# Wanted to buy point and shoot camera around 10k



## sirfamol85 (Apr 13, 2013)

Hello All,

Wanted to buy new point and shoot camera.

Requirements as follows....

1. Optical Zoom around 10x 
2. Compact in size
3. Sensors - don't know, but need best in this price range.
4. Does not need any features like wifi, 3g , or gps, any. But if any in price and not effecting the other features in this price, acceptable.

Thanks,
Amol


----------



## nac (Apr 13, 2013)

SZ7 costs about 8k.


----------



## sirfamol85 (Apr 13, 2013)

Just had hands ons, and find out Full HD will be better to buy. So adding this features to requirements.
I saw canon SX240, find very impressive. Any other comparable camera with in range of SX240?


----------



## nac (Apr 13, 2013)

^ SX240 is a very nice camera. Almost all the time, my first choice when it comes to travel zoom.

TZ30
HX20V 

are other two cameras you can compare with SX240.


----------



## sirfamol85 (Apr 13, 2013)

TZ30 and HX20V are going constly.
 What is difference between IXUS 240 HS and SX240 ? same ?

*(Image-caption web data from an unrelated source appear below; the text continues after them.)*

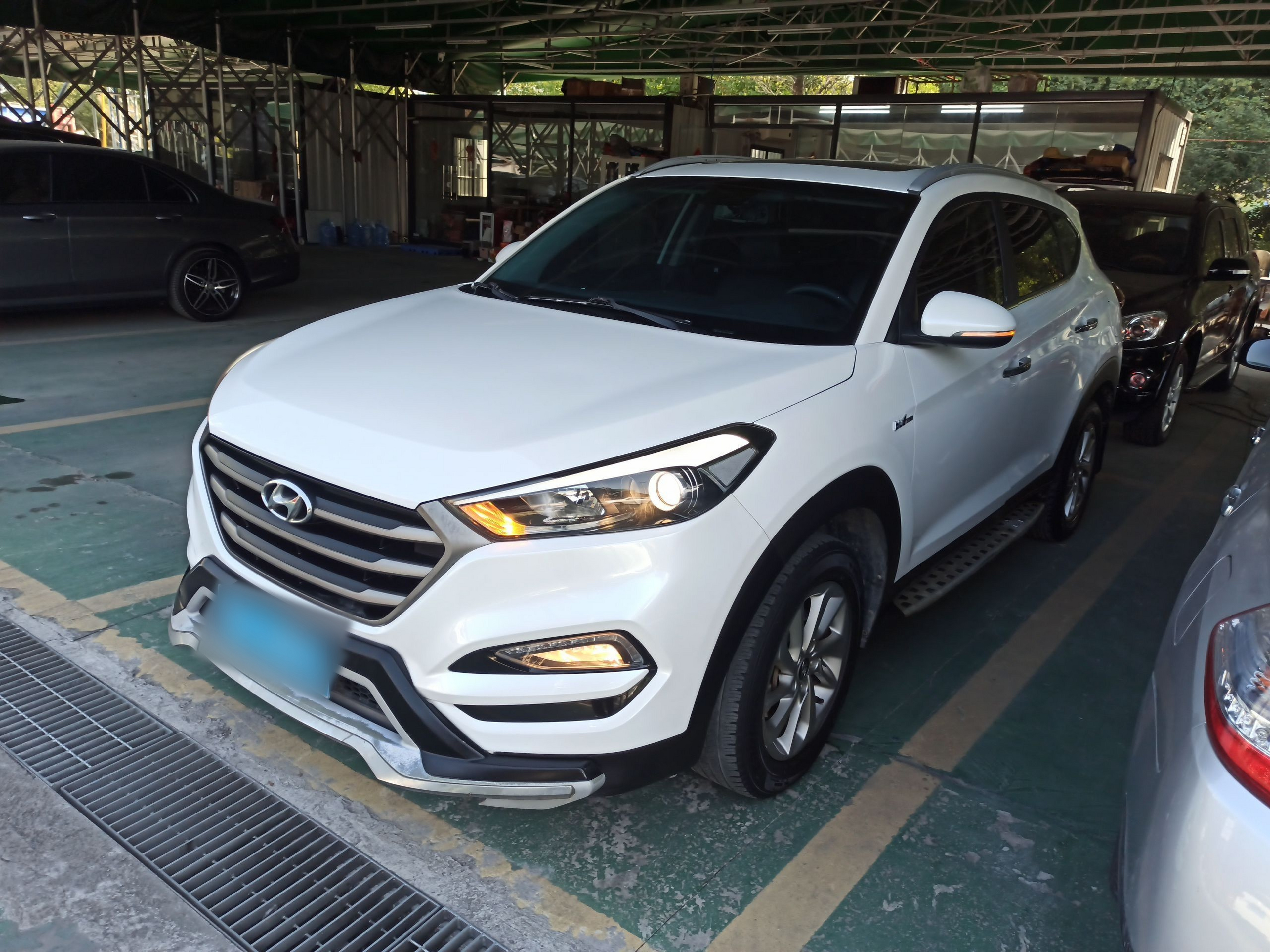 Под передней частью автомобиля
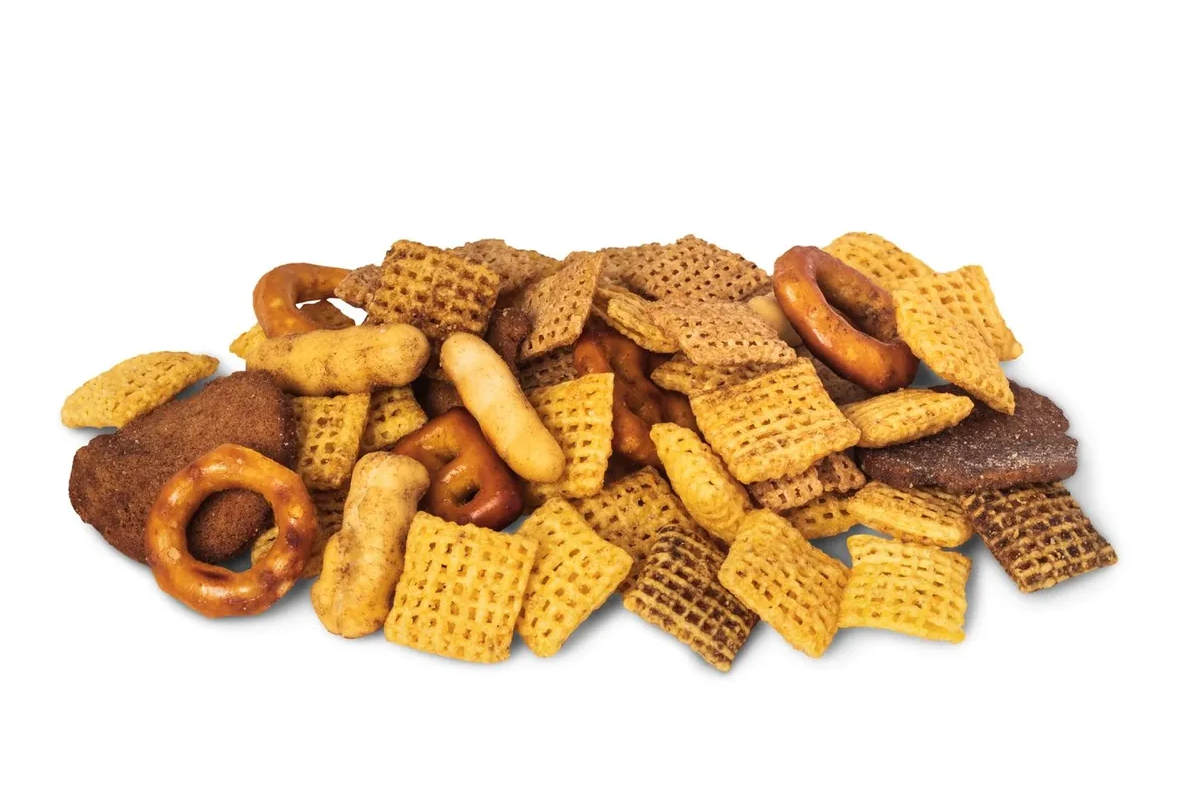 Classic Chex party mix flavor with
a THC infused buttery kick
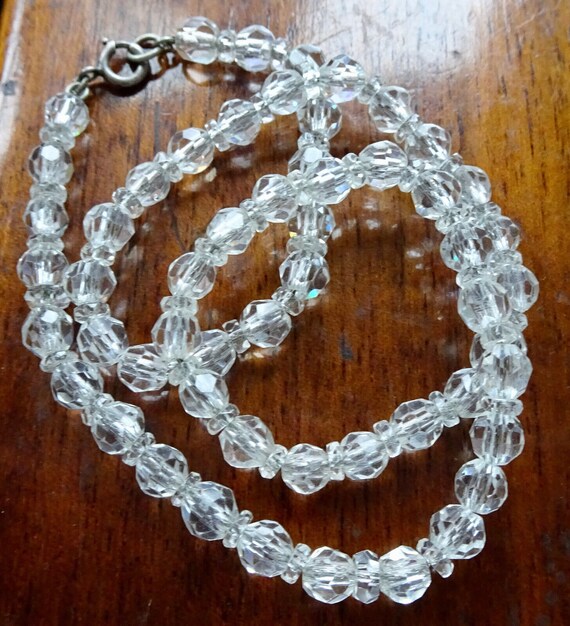 Beautiful Vintage chain strung Faceted Crystal  Necklace 16"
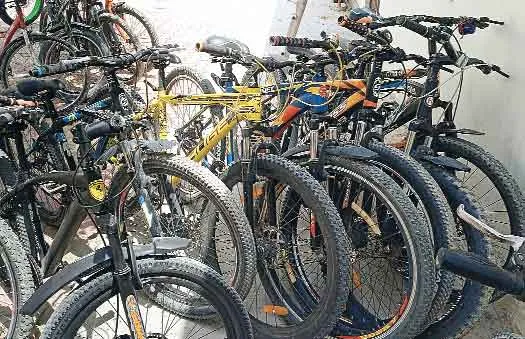 पदमपुर बाईपास मार्ग पर लावारिस मिली महंगी साइकिलें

my bad. IXUS is 5x optica zoom

Last question SX240 HS or SX260 HS?


----------



## nac (Apr 14, 2013)

SX260 = SX240+GPS. No other difference.


----------



## sirfamol85 (Apr 14, 2013)

Ok. Wanted Red Color, so buyed SX260 here on ebay, got 5% discount also  . Thank you. Will share link to photo's soon.

Thank you, Nac.


----------



## nac (Apr 14, 2013)

That's a nice camera, you have ordered...


----------